[[ DATA EXTRACT open ]]

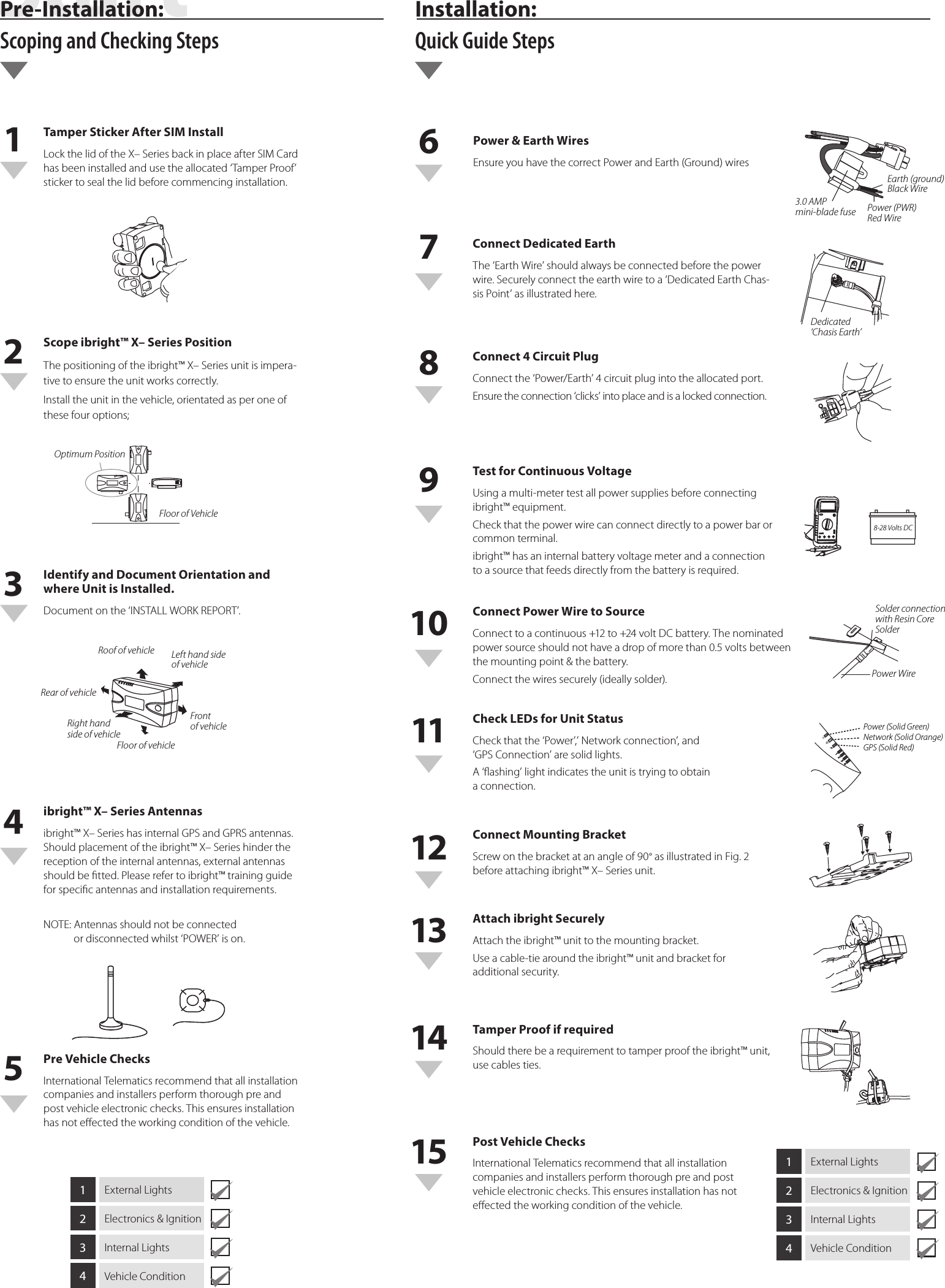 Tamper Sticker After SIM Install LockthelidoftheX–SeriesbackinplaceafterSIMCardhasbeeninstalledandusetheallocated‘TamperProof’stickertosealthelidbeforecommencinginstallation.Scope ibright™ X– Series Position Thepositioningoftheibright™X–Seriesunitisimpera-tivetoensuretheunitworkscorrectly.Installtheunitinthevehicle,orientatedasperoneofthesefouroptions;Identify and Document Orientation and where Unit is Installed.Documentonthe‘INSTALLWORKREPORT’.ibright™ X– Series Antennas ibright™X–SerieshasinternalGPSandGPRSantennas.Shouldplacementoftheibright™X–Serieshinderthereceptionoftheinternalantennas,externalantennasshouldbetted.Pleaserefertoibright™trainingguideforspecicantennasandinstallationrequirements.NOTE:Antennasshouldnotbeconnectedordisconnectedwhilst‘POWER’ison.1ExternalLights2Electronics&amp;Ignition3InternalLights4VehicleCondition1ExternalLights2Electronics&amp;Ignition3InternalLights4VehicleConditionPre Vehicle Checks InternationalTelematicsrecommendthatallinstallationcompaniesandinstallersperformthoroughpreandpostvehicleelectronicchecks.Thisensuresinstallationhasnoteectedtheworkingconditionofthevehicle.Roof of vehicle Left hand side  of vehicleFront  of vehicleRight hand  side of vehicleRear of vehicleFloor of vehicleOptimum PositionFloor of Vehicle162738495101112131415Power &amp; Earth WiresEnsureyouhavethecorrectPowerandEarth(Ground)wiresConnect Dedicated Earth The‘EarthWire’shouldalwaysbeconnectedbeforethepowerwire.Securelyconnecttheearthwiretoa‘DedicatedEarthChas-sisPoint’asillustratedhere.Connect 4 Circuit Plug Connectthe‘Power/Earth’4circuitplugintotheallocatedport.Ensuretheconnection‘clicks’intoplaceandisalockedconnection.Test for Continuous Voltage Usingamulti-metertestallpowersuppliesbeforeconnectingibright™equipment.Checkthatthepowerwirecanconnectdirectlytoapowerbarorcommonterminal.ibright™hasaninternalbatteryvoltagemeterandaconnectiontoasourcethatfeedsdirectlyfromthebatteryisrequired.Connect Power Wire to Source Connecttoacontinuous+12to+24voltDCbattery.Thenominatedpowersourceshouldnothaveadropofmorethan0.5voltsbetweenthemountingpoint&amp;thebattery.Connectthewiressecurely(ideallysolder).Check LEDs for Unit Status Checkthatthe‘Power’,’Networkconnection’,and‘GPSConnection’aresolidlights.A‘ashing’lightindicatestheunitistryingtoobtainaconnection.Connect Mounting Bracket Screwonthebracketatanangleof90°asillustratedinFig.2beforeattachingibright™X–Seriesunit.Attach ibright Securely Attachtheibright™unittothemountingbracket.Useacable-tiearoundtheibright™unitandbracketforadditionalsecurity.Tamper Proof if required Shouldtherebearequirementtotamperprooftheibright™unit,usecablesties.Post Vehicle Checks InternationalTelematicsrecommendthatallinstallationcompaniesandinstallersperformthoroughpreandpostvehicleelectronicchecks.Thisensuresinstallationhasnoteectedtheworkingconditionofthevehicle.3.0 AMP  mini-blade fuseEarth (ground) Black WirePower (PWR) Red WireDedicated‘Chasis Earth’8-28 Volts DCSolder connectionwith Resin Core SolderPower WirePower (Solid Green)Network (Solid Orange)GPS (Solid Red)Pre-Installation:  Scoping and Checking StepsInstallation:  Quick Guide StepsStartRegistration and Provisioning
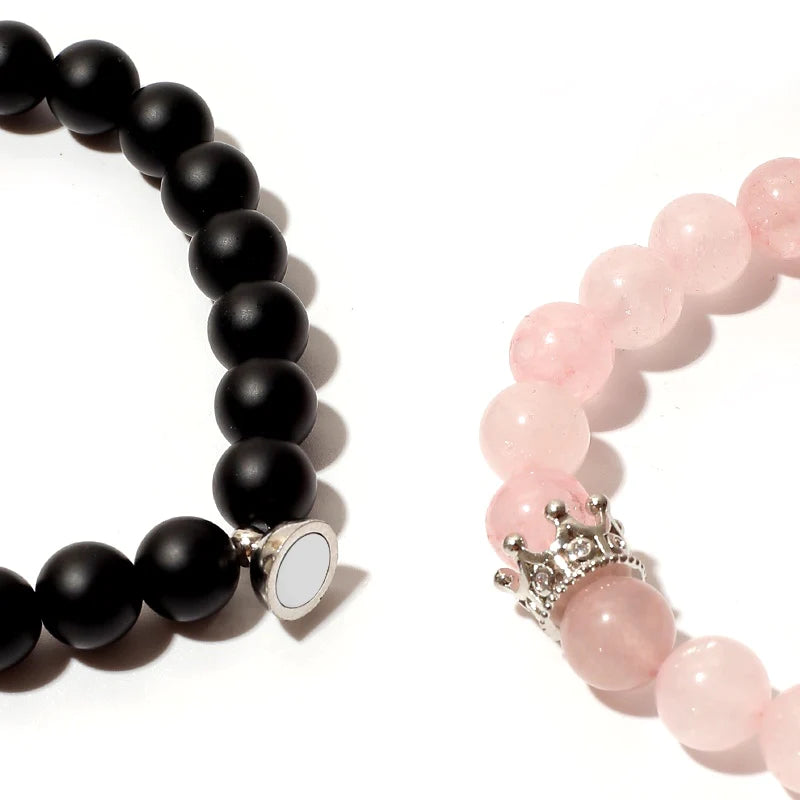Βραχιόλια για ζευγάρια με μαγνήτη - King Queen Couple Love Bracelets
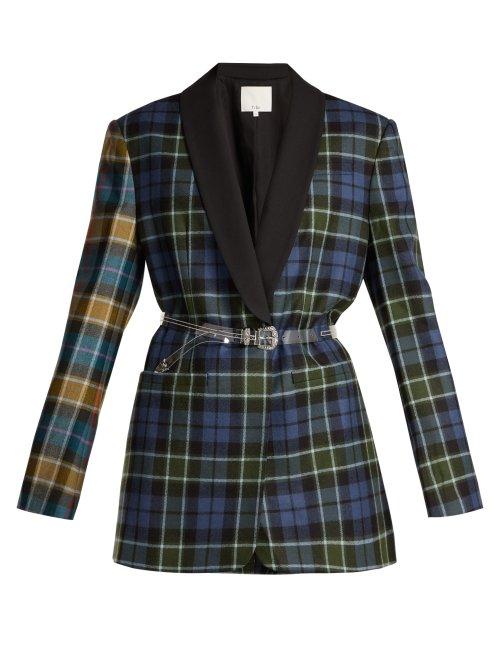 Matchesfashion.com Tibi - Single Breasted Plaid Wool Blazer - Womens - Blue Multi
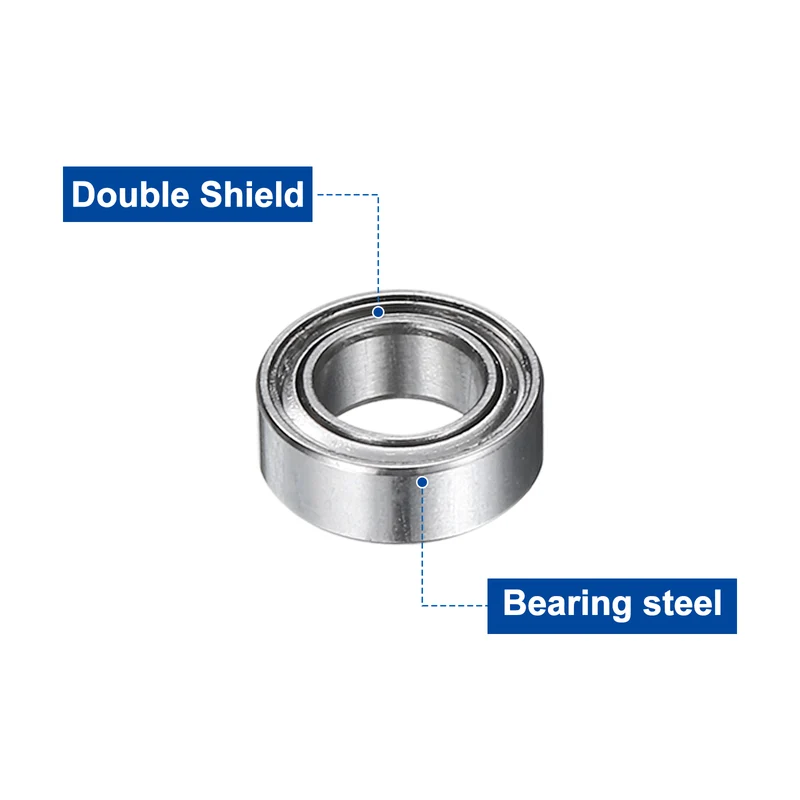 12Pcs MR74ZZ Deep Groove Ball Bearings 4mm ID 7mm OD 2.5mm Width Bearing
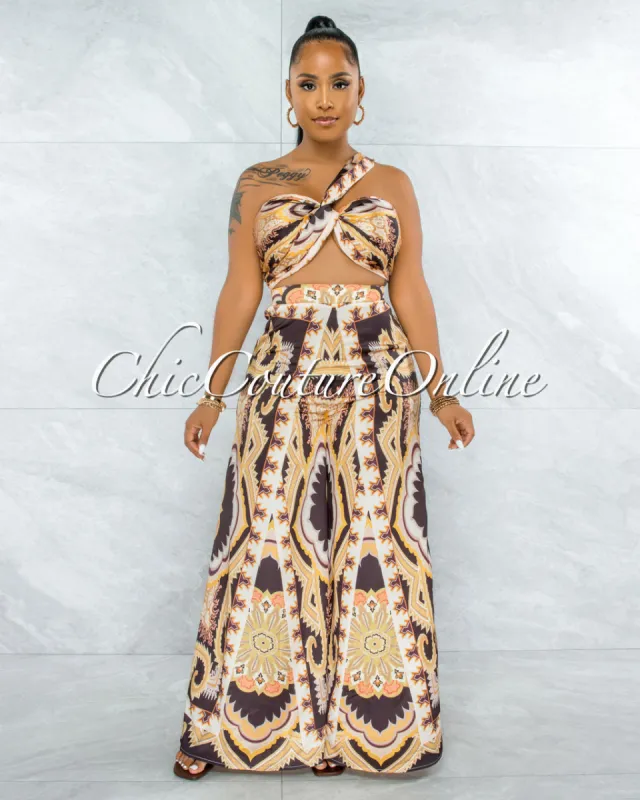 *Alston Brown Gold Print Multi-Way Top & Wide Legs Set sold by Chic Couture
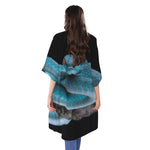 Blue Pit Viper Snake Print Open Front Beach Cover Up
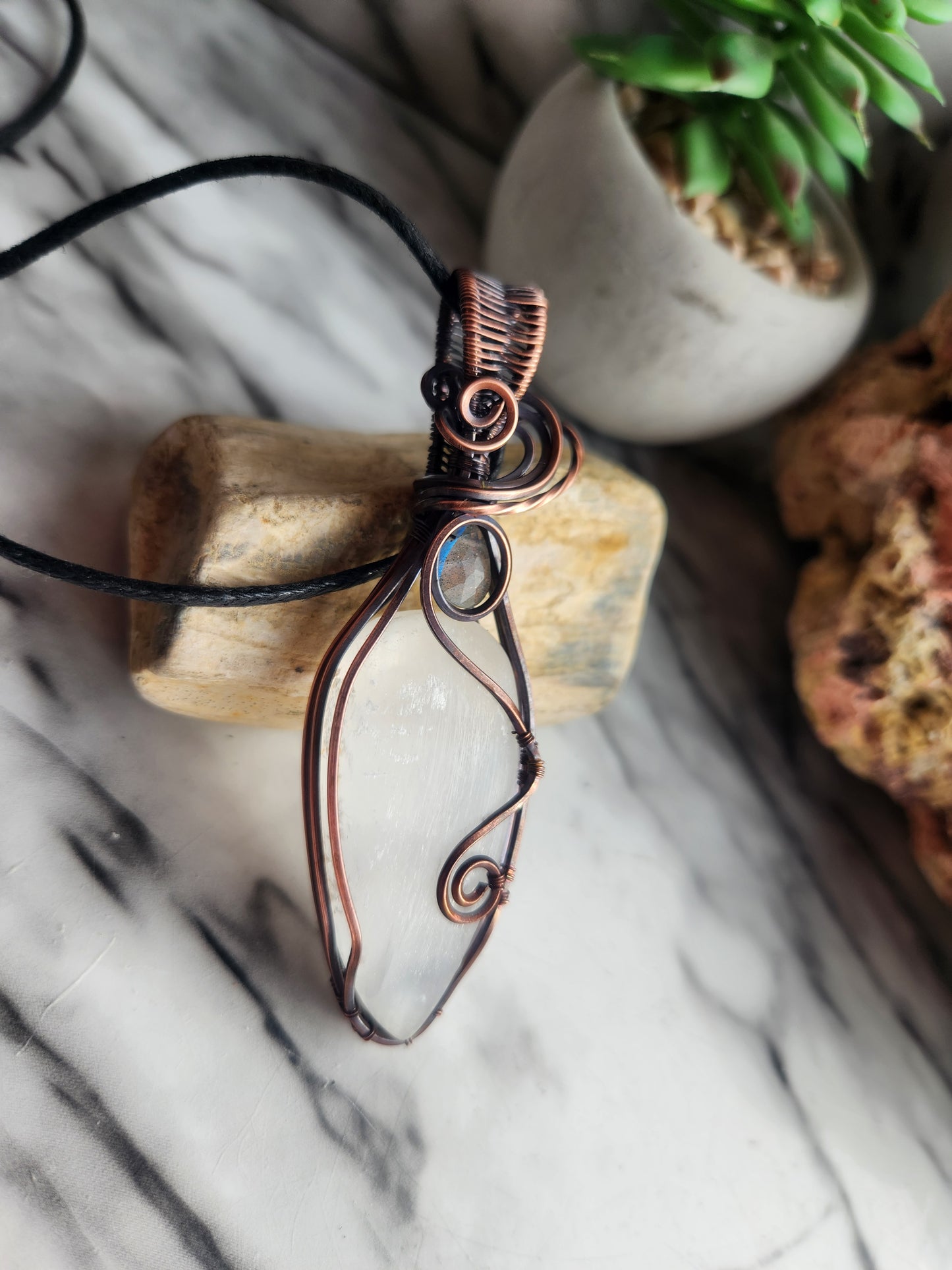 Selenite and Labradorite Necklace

[[ DATA EXTRACT closed ]]

**ASSIGNMENT:**
Copy exactly the lines running from the line with "by Chic Couture" to the final line of the listing, keeping both ends and dropping any picture.

**RESPONSE TO THE EXERCISE:**
 *Alston Brown Gold Print Multi-Way Top & Wide Legs Set sold by Chic Couture
 Blue Pit Viper Snake Print Open Front Beach Cover Up
 Selenite and Labradorite Necklace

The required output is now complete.